# DATA TO EXAMINE:
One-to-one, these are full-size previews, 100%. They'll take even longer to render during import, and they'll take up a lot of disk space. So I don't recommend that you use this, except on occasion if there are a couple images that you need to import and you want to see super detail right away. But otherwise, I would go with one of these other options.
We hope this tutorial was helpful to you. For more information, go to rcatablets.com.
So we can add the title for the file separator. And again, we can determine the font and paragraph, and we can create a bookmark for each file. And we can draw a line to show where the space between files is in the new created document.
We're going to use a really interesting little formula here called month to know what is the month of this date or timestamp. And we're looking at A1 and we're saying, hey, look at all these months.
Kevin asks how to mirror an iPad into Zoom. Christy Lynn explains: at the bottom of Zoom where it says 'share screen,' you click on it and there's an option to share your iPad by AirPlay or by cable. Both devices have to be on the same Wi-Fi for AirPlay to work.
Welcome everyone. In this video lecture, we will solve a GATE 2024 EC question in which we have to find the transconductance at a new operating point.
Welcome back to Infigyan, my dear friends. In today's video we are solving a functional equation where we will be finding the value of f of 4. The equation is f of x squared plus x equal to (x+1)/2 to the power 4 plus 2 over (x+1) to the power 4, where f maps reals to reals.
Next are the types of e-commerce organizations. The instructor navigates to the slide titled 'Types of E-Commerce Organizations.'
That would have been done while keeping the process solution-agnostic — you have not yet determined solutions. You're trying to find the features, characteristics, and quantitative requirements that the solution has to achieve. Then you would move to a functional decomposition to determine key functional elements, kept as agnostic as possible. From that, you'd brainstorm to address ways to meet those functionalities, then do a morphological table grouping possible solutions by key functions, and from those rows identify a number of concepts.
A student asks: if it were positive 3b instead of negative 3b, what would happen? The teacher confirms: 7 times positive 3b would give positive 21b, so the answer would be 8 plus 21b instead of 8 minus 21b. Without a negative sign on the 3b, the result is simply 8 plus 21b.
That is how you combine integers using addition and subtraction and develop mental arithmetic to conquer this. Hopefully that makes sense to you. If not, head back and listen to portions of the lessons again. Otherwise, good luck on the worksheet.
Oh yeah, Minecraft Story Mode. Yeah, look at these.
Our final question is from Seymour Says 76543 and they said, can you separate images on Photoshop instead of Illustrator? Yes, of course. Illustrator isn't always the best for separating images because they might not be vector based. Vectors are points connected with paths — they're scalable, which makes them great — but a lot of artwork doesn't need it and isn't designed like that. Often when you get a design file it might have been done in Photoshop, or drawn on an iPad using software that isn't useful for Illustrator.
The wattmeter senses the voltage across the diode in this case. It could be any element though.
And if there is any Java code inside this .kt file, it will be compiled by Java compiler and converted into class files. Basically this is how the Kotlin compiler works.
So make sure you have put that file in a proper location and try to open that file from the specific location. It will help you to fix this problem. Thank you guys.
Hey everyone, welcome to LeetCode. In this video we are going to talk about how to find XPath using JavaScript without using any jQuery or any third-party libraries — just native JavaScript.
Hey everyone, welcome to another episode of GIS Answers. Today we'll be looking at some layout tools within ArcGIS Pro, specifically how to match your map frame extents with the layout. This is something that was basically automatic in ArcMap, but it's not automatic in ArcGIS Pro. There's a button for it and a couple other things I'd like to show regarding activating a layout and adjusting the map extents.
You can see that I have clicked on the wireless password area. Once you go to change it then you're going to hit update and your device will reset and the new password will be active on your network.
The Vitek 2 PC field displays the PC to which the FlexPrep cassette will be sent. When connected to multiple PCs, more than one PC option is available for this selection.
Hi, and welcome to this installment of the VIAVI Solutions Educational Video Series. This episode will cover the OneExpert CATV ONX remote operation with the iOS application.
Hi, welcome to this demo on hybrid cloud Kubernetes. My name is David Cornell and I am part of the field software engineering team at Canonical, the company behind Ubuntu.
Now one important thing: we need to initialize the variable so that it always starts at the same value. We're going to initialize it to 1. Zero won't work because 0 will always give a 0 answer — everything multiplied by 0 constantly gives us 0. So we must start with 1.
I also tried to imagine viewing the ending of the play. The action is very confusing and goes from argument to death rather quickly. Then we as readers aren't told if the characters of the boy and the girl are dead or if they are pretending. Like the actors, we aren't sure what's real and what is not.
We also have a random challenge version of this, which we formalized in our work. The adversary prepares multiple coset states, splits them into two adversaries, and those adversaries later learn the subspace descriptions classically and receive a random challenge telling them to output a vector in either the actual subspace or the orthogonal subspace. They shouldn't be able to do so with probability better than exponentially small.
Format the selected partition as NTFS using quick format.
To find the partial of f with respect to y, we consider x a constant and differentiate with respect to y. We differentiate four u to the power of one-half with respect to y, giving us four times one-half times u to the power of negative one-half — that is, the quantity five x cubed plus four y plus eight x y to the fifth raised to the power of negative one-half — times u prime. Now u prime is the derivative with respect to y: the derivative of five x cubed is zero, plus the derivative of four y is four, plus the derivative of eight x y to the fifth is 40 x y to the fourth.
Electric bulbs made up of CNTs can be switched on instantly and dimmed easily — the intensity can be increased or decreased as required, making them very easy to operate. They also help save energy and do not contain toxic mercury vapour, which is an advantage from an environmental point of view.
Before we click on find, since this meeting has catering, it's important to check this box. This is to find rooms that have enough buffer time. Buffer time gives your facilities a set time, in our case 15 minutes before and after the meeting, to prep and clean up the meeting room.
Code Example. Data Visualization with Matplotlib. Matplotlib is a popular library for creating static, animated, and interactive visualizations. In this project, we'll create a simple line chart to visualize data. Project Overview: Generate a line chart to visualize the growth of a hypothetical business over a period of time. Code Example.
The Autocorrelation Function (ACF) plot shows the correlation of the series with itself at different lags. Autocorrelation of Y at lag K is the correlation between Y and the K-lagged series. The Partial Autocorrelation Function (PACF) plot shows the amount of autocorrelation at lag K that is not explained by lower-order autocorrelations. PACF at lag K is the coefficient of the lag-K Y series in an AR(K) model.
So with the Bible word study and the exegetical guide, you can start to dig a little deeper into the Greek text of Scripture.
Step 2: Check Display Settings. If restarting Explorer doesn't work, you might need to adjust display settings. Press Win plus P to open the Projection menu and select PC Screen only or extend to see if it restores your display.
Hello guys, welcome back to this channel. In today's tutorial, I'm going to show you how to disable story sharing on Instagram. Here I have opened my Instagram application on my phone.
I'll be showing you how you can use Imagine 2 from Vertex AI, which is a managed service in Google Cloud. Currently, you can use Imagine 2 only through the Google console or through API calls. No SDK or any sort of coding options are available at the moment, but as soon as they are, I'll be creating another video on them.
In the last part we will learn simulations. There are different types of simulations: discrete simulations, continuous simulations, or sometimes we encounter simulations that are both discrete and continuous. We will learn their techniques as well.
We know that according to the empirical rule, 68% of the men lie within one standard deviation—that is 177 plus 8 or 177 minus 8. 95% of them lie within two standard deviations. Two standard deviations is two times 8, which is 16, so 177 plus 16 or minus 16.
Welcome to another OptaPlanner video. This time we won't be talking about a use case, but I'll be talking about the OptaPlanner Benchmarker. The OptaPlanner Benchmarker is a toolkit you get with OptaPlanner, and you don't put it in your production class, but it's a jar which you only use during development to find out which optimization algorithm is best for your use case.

# WHAT YOU NEED TO DO:
Using the listing above, copy exactly the line that contains "A student asks: if", the line that contains "Hey everyone, welcome to LeetCode.", and each line that falls between them.

# EXPECTED ANSWER:
A student asks: if it were positive 3b instead of negative 3b, what would happen? The teacher confirms: 7 times positive 3b would give positive 21b, so the answer would be 8 plus 21b instead of 8 minus 21b. Without a negative sign on the 3b, the result is simply 8 plus 21b.
That is how you combine integers using addition and subtraction and develop mental arithmetic to conquer this. Hopefully that makes sense to you. If not, head back and listen to portions of the lessons again. Otherwise, good luck on the worksheet.
Oh yeah, Minecraft Story Mode. Yeah, look at these.
Our final question is from Seymour Says 76543 and they said, can you separate images on Photoshop instead of Illustrator? Yes, of course. Illustrator isn't always the best for separating images because they might not be vector based. Vectors are points connected with paths — they're scalable, which makes them great — but a lot of artwork doesn't need it and isn't designed like that. Often when you get a design file it might have been done in Photoshop, or drawn on an iPad using software that isn't useful for Illustrator.
The wattmeter senses the voltage across the diode in this case. It could be any element though.
And if there is any Java code inside this .kt file, it will be compiled by Java compiler and converted into class files. Basically this is how the Kotlin compiler works.
So make sure you have put that file in a proper location and try to open that file from the specific location. It will help you to fix this problem. Thank you guys.
Hey everyone, welcome to LeetCode. In this video we are going to talk about how to find XPath using JavaScript without using any jQuery or any third-party libraries — just native JavaScript.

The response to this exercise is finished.